The inspiration for the "Tuileries Collection" is based in the rich history of France. When Marie Antoinette and Louis XVI were banished from Versailles and forced to live in the Tuileries Palace as prisoners, the French queen gave a bag of grey pearls to the wife of the British ambassador, Lady Sutherland, for safekeeping. As an act of kindness, Lady Sutherland sent clothing and linens to the imprisoned and doomed queen. Marie Antoinette was executed in 1793. The pearls belonging to Marie Antoinette were eventually incorporated into a beautiful necklace for Lady Sutherland's grandson's wedding in 1849, and it has stayed in the Sutherland family for over 200 years. This historically significant necklace was recently featured in Christie's auction in late 2007. The elegant architecture of this significant necklace has been reinterpreted for today's modern woman. Using variations of stones and format, the overall design as it originated, is still a stunning and viable style.
The colors of this necklace were inspired by a Dining Room that I created for the Old York Historical Society Showhouse in York, Maine. The precipitating factor in creating this room had been a trip to Europe and a stay in Edinburgh at the George Hotel. Most afternoons, while staying there, I indulged in tea in the lobby and was immediately enamored by the architectural details in the crown moldings that appeared as if they were made of Wedgwood. I made a mental note that this would be a great idea for a showhouse in the future.

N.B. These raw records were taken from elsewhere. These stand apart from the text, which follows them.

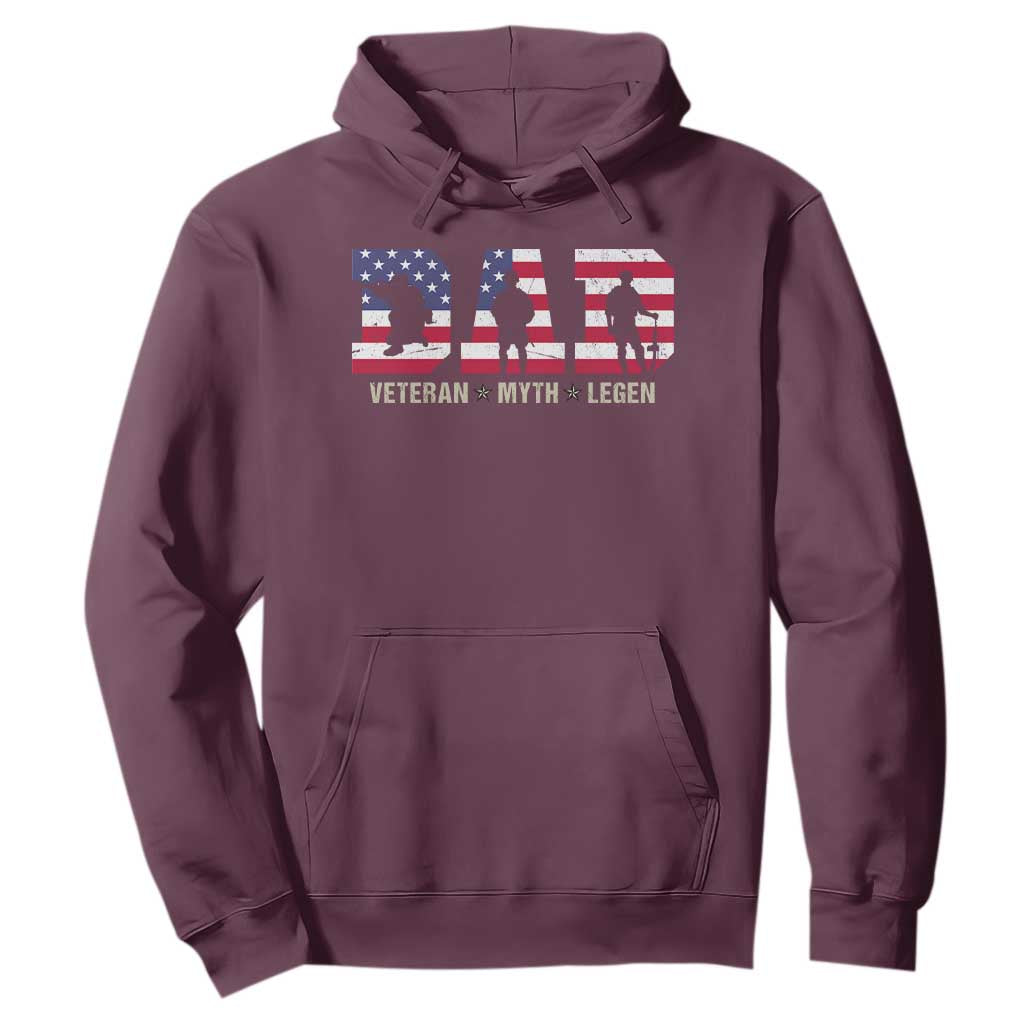 Veteran Dad The Myth Legend Hoodie Cool Father's Day Military Gifts 4th of July TS14 Maroon Print Your Wear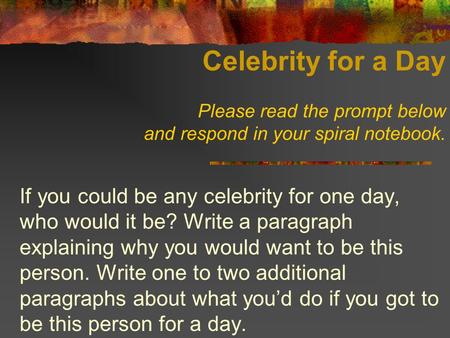 Celebrity for a Day Please read the prompt below and respond in your spiral notebook. If you could be any celebrity for one day, who would it be? Write.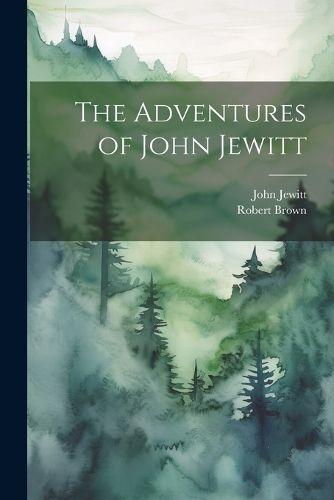 The Adventures of John Jewitt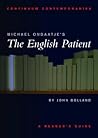 Michael Ondaatje's The English Patient: A Reader's Guide (Continuum Contemporaries)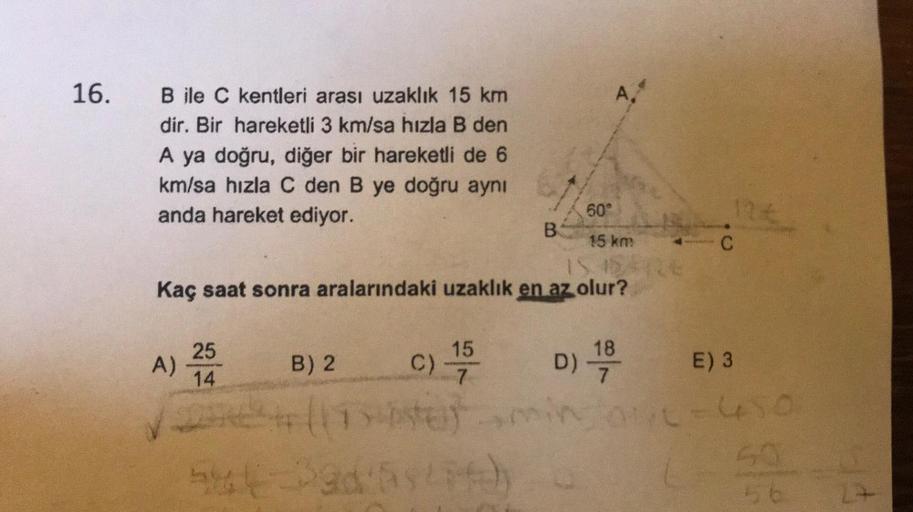 16.
4
B ile C kentleri arası uzaklık 15 km
dir. Bir hareketli 3 km/sa hızla B den
A ya doğru, diğer bir hareketli de 6
km/sa hızla C den B ye doğru aynı
anda hareket ediyor.
60°
B
15 km
IS.
Kaç saat sonra aralarındaki uzaklık en az olur?
12
C
15
A)
25
14
B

As you can see, my little mental note became a reality when I had the painters and carpenters create a rose colored Wedgwood style crown molding for the Dining Room Showhouse. Since the house was a summer "mini estate" with ocean views that had fallen into disrepair, the addition of the Wedgwood style crown molding without the usual gold gilding, seemed to fit nicely with the elegance of the historic pedigree minus all the fanfare of a gilded crown.